1. Make the Most Out of Conferences
For most academics, and especially PhD students and postdocs, conferences are the main way you will build your network. Conferences are a great way to meet many new people in your field. While you may not know anyone at a smaller conference, you likely won’t be the only person from your lab or department attending a major conference. If you’re still early in your PhD you may not know many people outside of your university, however, your colleagues and supervisor will. By sticking with them at the start, you will be introduced to the people in their network. If you’re attending a conference solo, strike up a conversation with a fellow solo conference goer. When in doubt, asking what the best paper they’ve seen so far is an easy icebreaker.
Now, just saying “hi” or exchanging business cards doesn’t count as making a contact. You need to actually have a conversation with these people. Coffee breaks and dinners are the perfect places to talk to your new contacts and get to know them better. You don’t have to talk to every single person, but try and make a real connection with a few. That way when you go to your next conference, even if no one else from your lab or department is going, you will have some contacts of your own to meet up with.
2. Don’t Neglect Your Peers
When you’re at conferences don’t focus solely on high-level contact. Networking should be horizontal as well as vertical. Making connections with your fellow PhD students (especially those at other institutions) is equally valuable. They can give you the insider’s perspective on their department and support for your next career move.
3. Go to Guest Lectures
If your supervisor or department is bringing someone in for a guest lecture, they will take the guest lecturer out to dinner before or after their talk. Interested grad students are often invited to attend these dinners too. If you conduct research in the same area or are genuinely interested in this person’s work, this is a great opportunity to make a connection with them in a smaller group and more informal setting.

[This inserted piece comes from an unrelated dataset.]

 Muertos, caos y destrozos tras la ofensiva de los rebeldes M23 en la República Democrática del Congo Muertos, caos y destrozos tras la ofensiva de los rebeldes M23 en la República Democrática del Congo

4. Informational Interviews
Informational interviews are an often overlooked way to build your network and gain valuable insights into a new field, institution or company. They’re a useful tool for PhD students debating whether to do a postdoc or looking for a postdoc in a new field. Admittedly this networking technique is not as easy as the others on this list, but once you’ve done a few you’ll understand why it made the list.
5. Keep in Touch
Once you’ve made contacts through conferences, your peers, guest speakers, and informational interviews, it’s important to maintain them. The simplest way to start is with a follow-up email after the event is over. When you get back from a conference, send a quick message to the new people you met. You should also do the same for the guest speakers you meet with and send thank you emails to your informational interview subjects. Then, keep in touch. Send them a quick message to see if they’re going to the next annual conference rolls or a congratulate them on a new publication. Over time, they can become an integral part of your network.